Pour Hélène Jouan, cheffe du service politique d'Europe 1, le livre de François Hollande est avant tout un moyen pour l'ancien président de persuader les autres et lui-même que le socialisme n'est pas mort.
Un nouveau livre sur le quinquennat de François Hollande, un de plus. Mais cette fois, c'est le sien. Dans Les leçons du pouvoir (éditions Stock), paru mercredi, l'ancien président parle un peu de lui, beaucoup de son successeur, et prend la défense du socialisme.
Une erreur concédée. "Présider", "décider", "choisir", "réformer", "affronter"... l'ouvrage commence avec une étrange table des matières, dont les verbes à l'infinitif disent l'injonction à agir, quand il a tant été reproché à François Hollande de ne pas assez le faire. Tout au long des 400 pages, l'ancien chef de l'État fait pièce à ces accusations. Il n'y a guère que lui pour défendre pied à pied son bilan, les entreprises sauvées, les promesses tenues, les comptes publics restaurés, la voie du réalisme économique enfin empruntée par la gauche, la zone euro ressoudée. Finalement, une seule vraie erreur est concédée, la déchéance de nationalité. C'est bien simple, un martien débarquant en France aujourd'hui se demanderait simplement pourquoi François Hollande n'en est plus le président.
Macron, chanceux sans foi ni valeur ni ancrage. Ce qui n'empêche pas son successeur d'être omniprésent. La relation avec Emmanuel Macron est évoquée dans un chapitre, avec une antiphrase en tête : "faire confiance ". Une réponse à la question "m'a-t-il trahi ?". Et on retrouve là tout François Hollande. Il pourrait répondre simplement "oui" ou "non". Trop simple et binaire sans doute. L'ex président préfère poser les manquements de son ancien conseiller et ministre, laissant le soin à chacun de juger. Mais le portrait en creux qu'il dessine de son successeur vaut tous les verdicts : silhouette d'un ambitieux et d'un chanceux sans foi, ni valeur, ni ancrage, ni courage. C'est, par exemple, d'une bévue de Stéphane Bern que François Hollande comprend que se trame la candidature de Macron, vaudevillesque.

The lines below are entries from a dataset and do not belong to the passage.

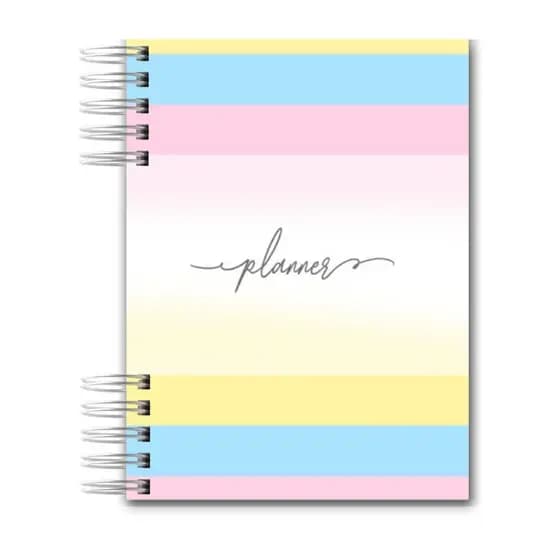 Agenda Planner Permanente Capa Dura A5 Cores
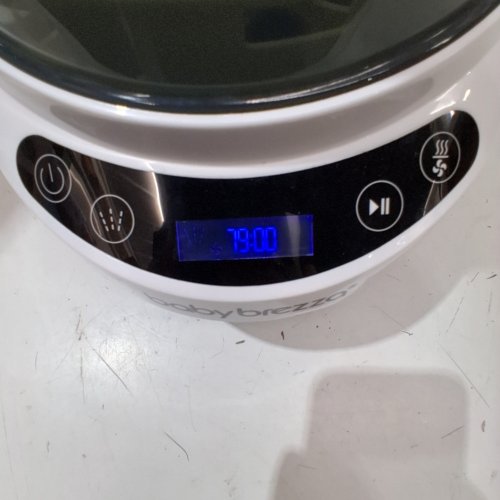 BABY BREZZA BOTTLE WASHER PRO ALL-IN-ONE STERILIZER & DRYER - HOLDS 4 BOTTLES - GREY/WHITE (MODEL: BRZ0103) image 4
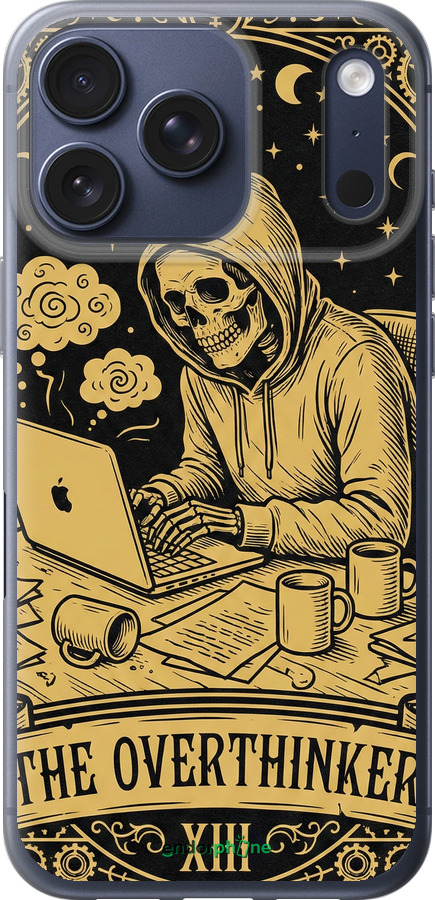 Силіконовий чехол The Overthinker для Apple iPhone 17 PRO - 6774u-4030 изображение 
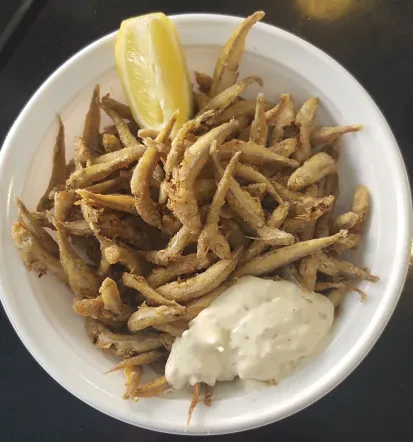 Delicious grilled and fried seafood in Koper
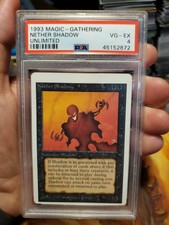 Nether Shadow UNLIMITED PSA 4 VG-EX Magic the Gathering Card Miscut misprint Mtg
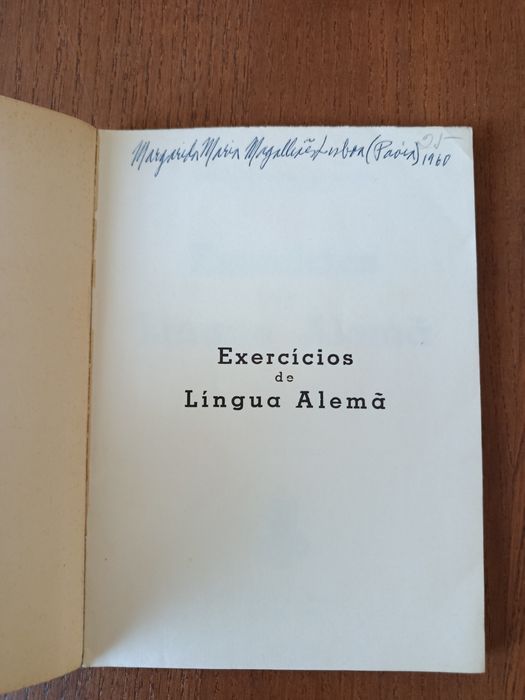 Exercícios de Língua Alemã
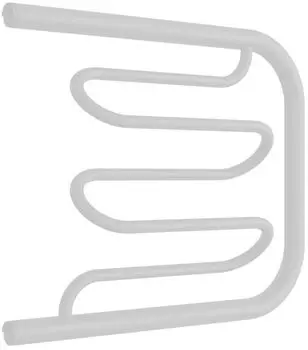 Полотенцесушитель водяной Двин Dw 500х600 4627085930921 без полки 1"-?" К0 белый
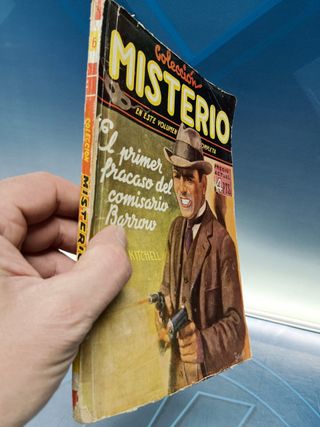 novela pulp, Colección misterio El primer fracaso del comisario Barrow, buen estado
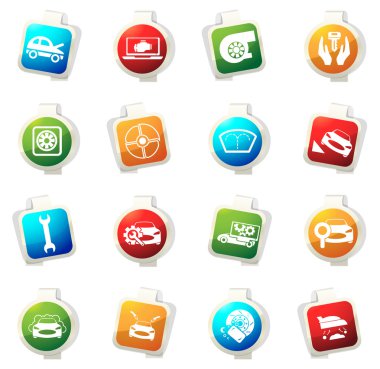 Araba Dükkanı Icons set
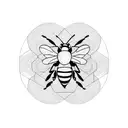 Honey Bee tattoo design idea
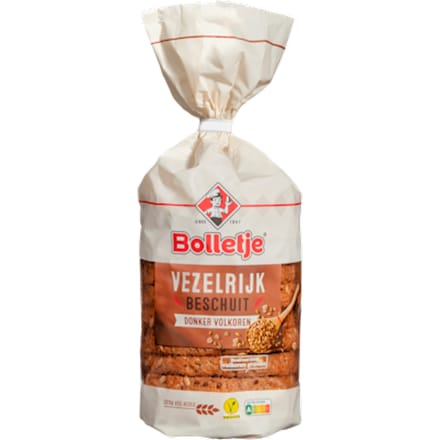 Vezelrijk beschuit donker volkoren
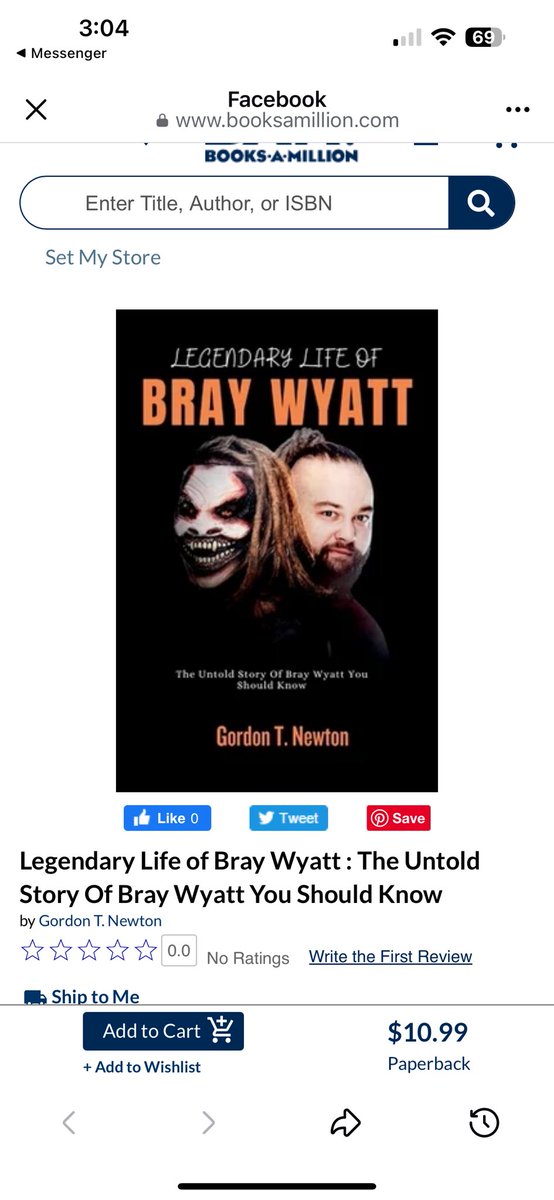 Ok so this just popped up on my ads on fb…..has anyone seen this before?? I never have til now &amp; im wondering how true to his life/career this actually is &amp; if it’s backed by <a href="/WWE/">WWE</a> ?! I want to get it for a copy for my brother depending on legitimacy!!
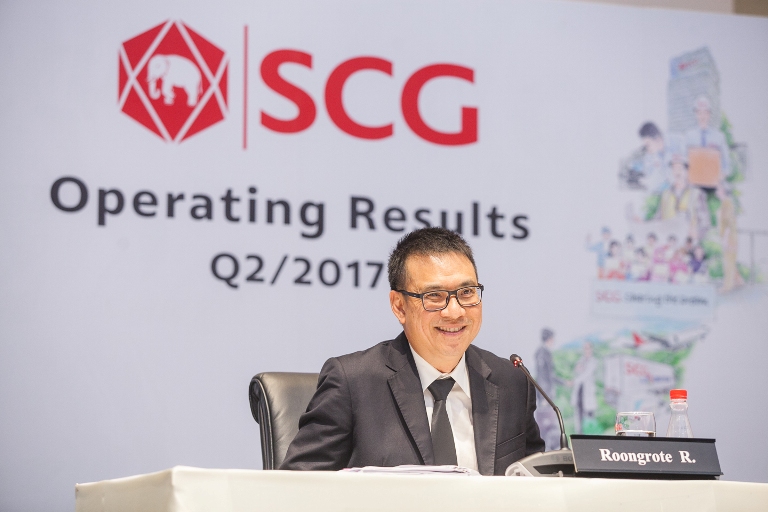 Tập đoàn SCG công bố kết quả kinh doanh Quý 2 và nửa đầu năm 2017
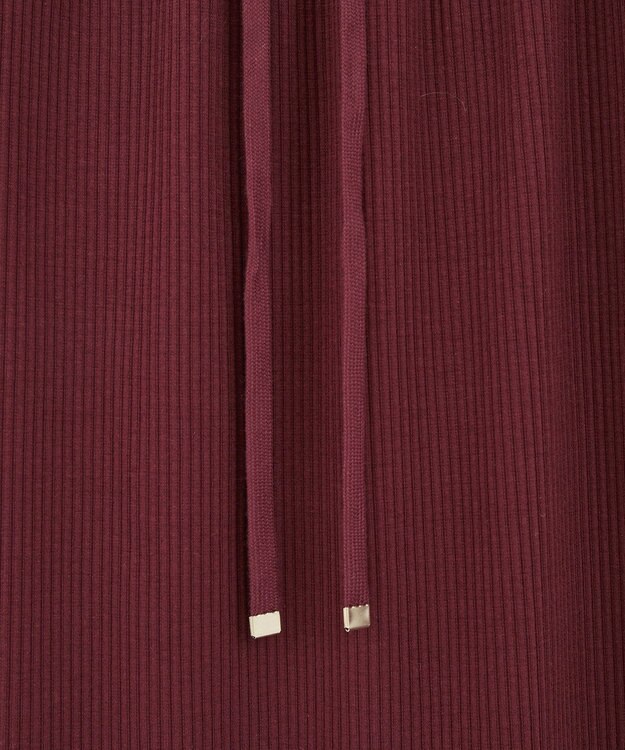 Green Parks 楽ちんＩラインリブスカート Bordeaux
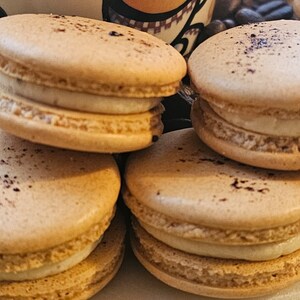 Brewed Coffee Lover&#39;s Macarons Homemade French Cookies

Spectacle de sa propre cécité. L'ancien président enchaîne les coups de pattes, les coups de griffe à "ceux qui croient que dans le ciel ne luit qu'une seule étoile, la leur, et qu'ils ne sont liés à rien ni personne" quand, hier encore, "le vieux monde leur apportait aide et fraternité". Narcisse blessé et trahi, François Hollande offre curieusement à voir le spectacle de sa propre cécité, même s'il se défend d'avoir été naïf. Difficile de lui faire grâce de cette faiblesse quand il nous raconte lui-même avoir compris seulement le 10 mai, trois jours après l'élection d'Emmanuel Macron, que le but du nouveau président n'était rien d'autre que l'absorption du PS.
S'il n'y a qu'un chapitre sur Emmanuel Macron, c'est bien lui qui inspire tout l'ouvrage. Plus encore que le passé, sa politique et sa pratique du pouvoir actuelles est passée au crible. "La république a eu ses grands hommes sans qu'elle ait eu besoin de les sacraliser", raille par exemple François Hollande.
Plaidoyer pour le socialisme. Se pose alors la (bonne) question de l'utilité du livre. Le lecteur y découvrira les coulisses d’un président, les négociations diplomatiques, des portraits bien brossés d'Angela Merkel, Vladimir Poutine ou Barack Obama. Les électeurs socialistes en deuil y trouveront un bilan à revendiquer. Les frondeurs d'hier encaisseront la charge que l'ancien président leur fait porter de son propre empêchement. Mais pour François Hollande ? Cette utilité tient en une phrase, adressée à son propre camp :"Celui du progrès", écrit l'ancien chef de l'État. "C’est ce qui a été appelé 'l'ancien monde'. C'est le mien. Et il a de l'avenir."